PROBLEM TO SOLVE -
Transcribe the data exactly. Pictures stay out.
________________________
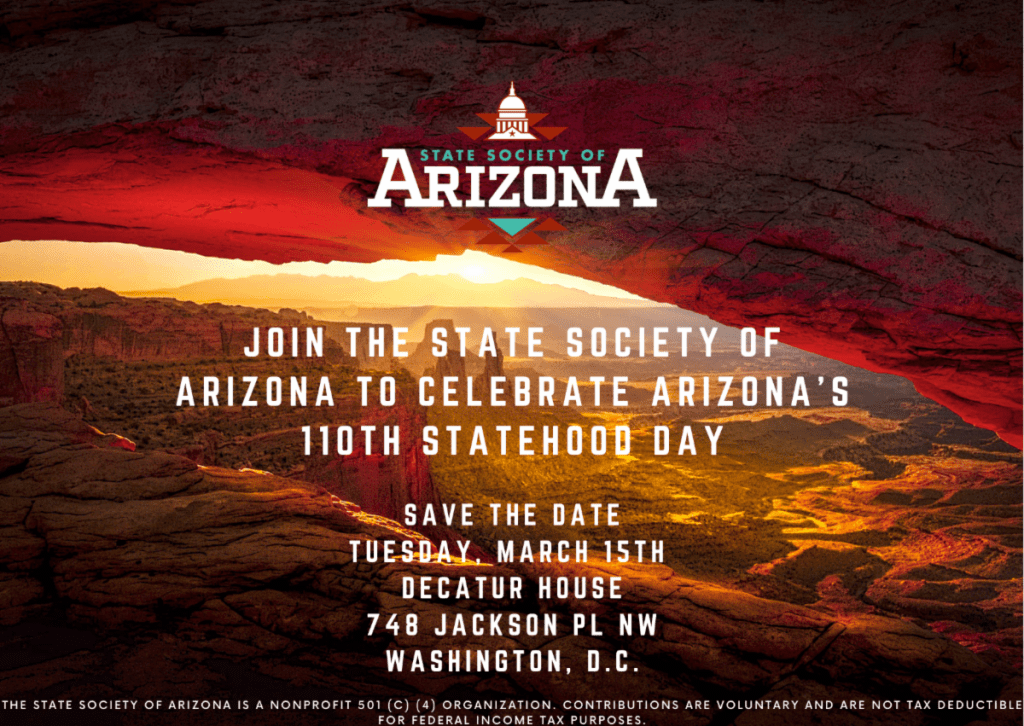 This image has an empty alt attribute; its file name is statehood-day-2022-v2-_1_.png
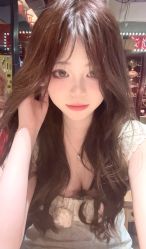 -DL HOPE明星造型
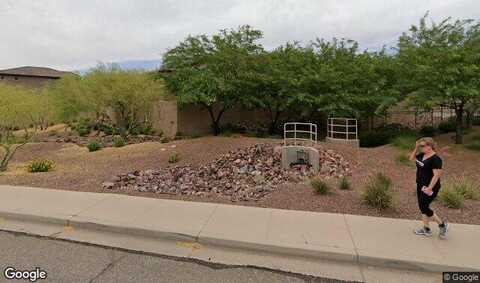 Brookwood, PHOENIX, AZ 85048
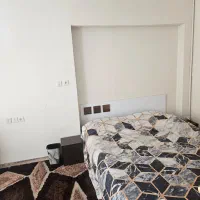 فقط-تا-پس-فردا-اپارتمان-گلدیس-فاز-5
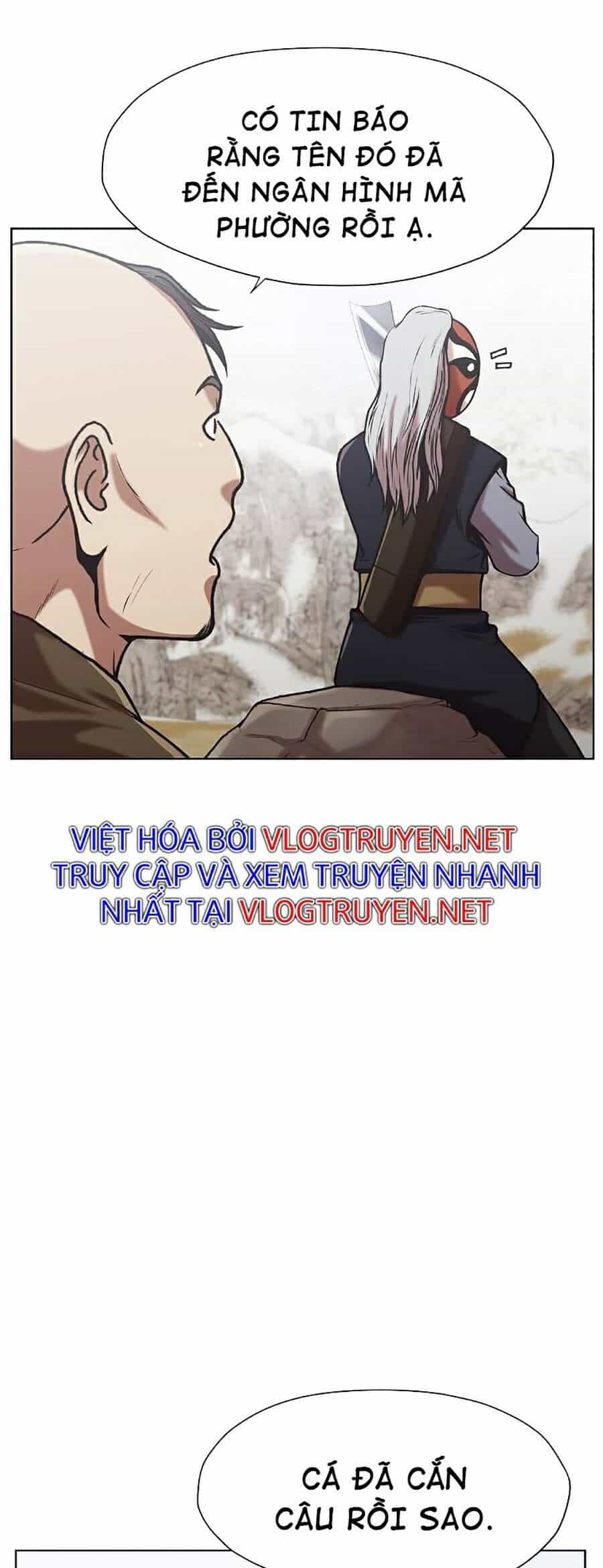 Thiên Võ Chiến Thần - Chương 25 - ảnh 68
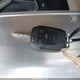 3FA6P0LU9FR185622 2015 Ford Fusion Hybrid Se auction photo thumbnail 11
________________________
ANSWER BOX -
 This image has an empty alt attribute; its file name is statehood-day-2022-v2-_1_.png
 -DL HOPE明星造型
 Brookwood, PHOENIX, AZ 85048
 فقط-تا-پس-فردا-اپارتمان-گلدیس-فاز-5
 Thiên Võ Chiến Thần - Chương 25 - ảnh 68
 3FA6P0LU9FR185622 2015 Ford Fusion Hybrid Se auction photo thumbnail 11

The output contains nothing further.